PCC distribution of rice genes that are previously characterized for their role in morphological or physiological traits using loss-of-function studies and their closest paralog genes in the family. PCC score distribution is shown on the X-axis; Y-axis indicates the number of pairs with given PCC value (red box). The green box indicates pairs that correspond to a smaller PCC range (>0.5). `a’ indicates the total number of characterized TF genes that are related to morphological or physiological traits via loss-of-function studies; `b’, the total number of characterized TFs and their paralog pairs lacking an Affymetrix probe for at least one paralog or without unique probes; `c’, the total number of TF genes with no closest paralog in a subclade of the phylogenetic tree.
Figure 4

PCC distribution of rice genes that are previously characterized for their role in morphological or physiological traits using loss-of-function studies and their closest paralog genes in the family. PCC score distribution is shown on the X-axis; Y-axis indicates the number of pairs with given PCC value (red box). The green box indicates pairs that correspond to a smaller PCC range (>0.5). `a’ indicates the total number of characterized TF genes that are related to morphological or physiological traits via loss-of-function studies; `b’, the total number of characterized TFs and their paralog pairs lacking an Affymetrix probe for at least one paralog or without unique probes; `c’, the total number of TF genes with no closest paralog in a subclade of the phylogenetic tree.

Illustration of phylogenomics analysis utility using characterized genes and their closest paralog for (A) Plant homeodomain family, (B) GCN5-related N-acetyltransferases family and (C) the MADS-box family. Red box indicates paralog pairs and their expression pattern. Red arrow indicates characterized gene(s) of that pair.
Figure 5

Illustration of phylogenomics analysis utility using characterized genes and their closest paralog for (A) Plant homeodomain family, (B) GCN5-related N-acetyltransferases family and (C) the MADS-box family. Red box indicates paralog pairs and their expression pattern. Red arrow indicates characterized gene(s) of that pair.

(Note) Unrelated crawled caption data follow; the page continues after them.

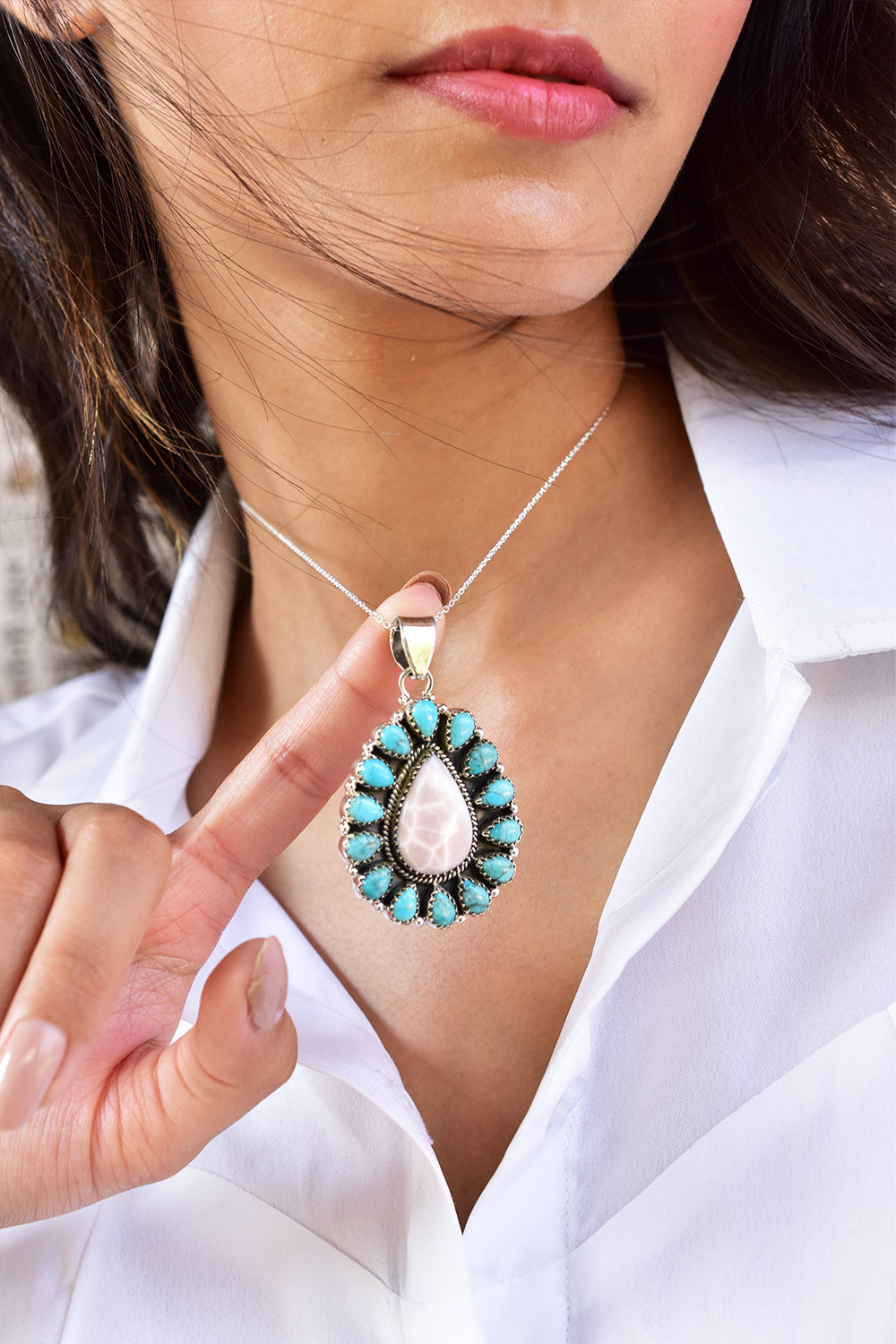 Pink Larimar & Mojave Turquoise  Pendant | 925 Sterling Silver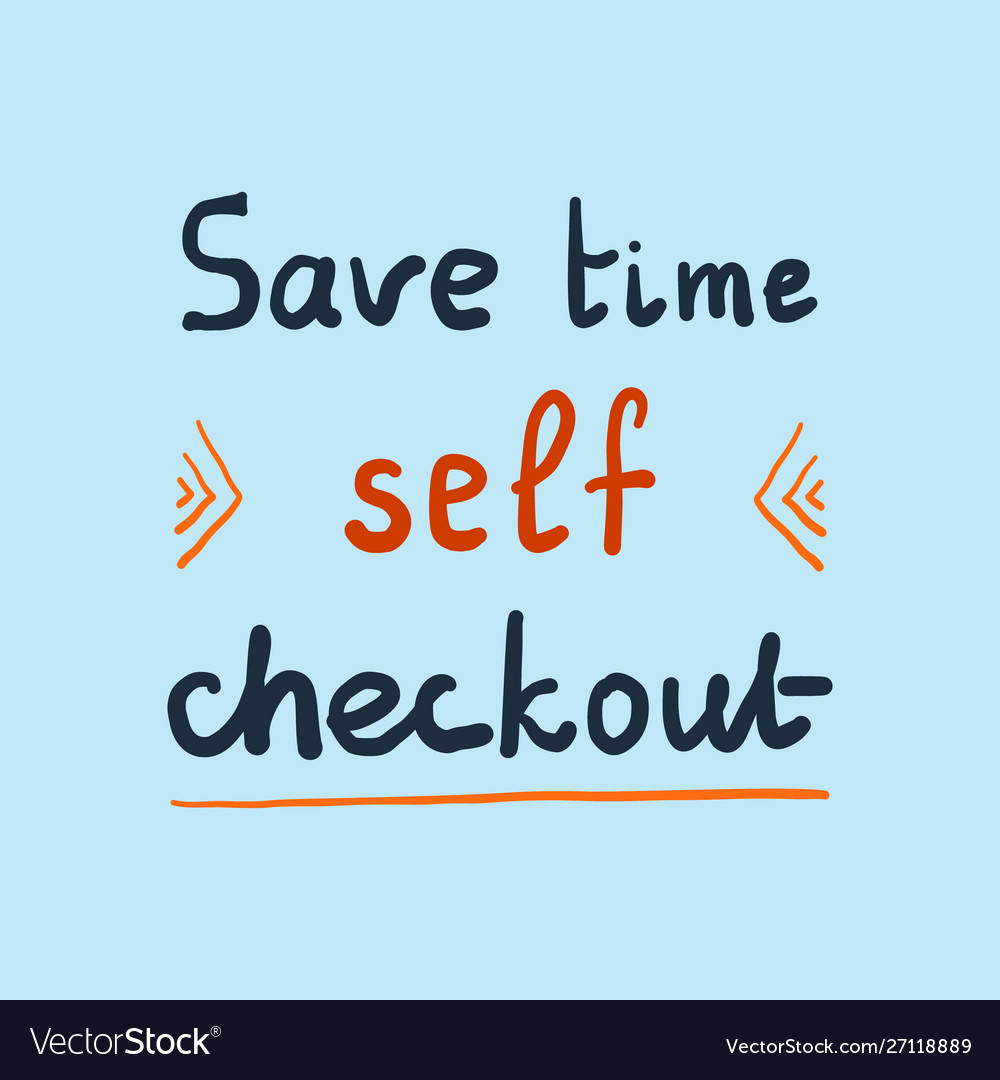 Self checkout orange text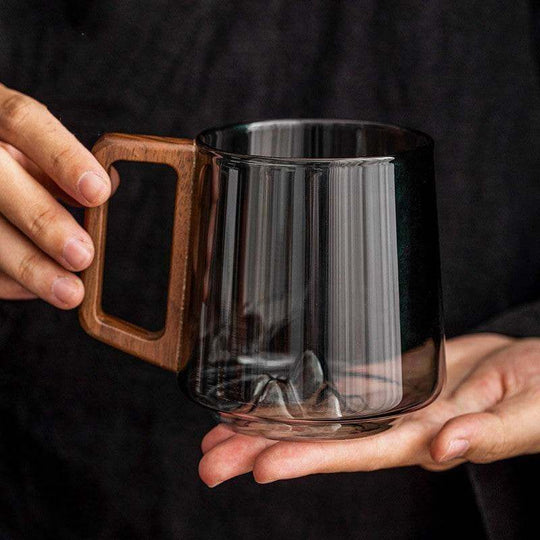 Guanshan Glass Single-layer Side Wooden Handle Drinking Cups Household Large-capacity Milk Tea Juice Single-layer Cup Kitchen Gadgets - Gadget Aliens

Meta-expression analysis of TFs to identify candidates for diverse applications

We retrieved sequence information for putative rice TF and TR genes that are summarized in PlnTFDB and conducted a meta-expression analysis. Our in-house meta-expression databases included Affy_anatomy, Affy_abiotic and Affy_biotic data sets, which were generated from Affymetrix array-based data to analyze gene expression under anatomy, abiotic and biotic stress treatments, respectively. The response of TF- or TR-encoding genes to hormones was analyzed using Agilent array-based expression data sets (44). Affymetrix-based data comprises expression profiles for 35 421 genes while 25 044 genes are represented in the Agilent-based hormone data. We were able to analyze expression profiles of 2139 and 1822 TF and TR genes using the Affymetrix and Agilent data sets, respectively.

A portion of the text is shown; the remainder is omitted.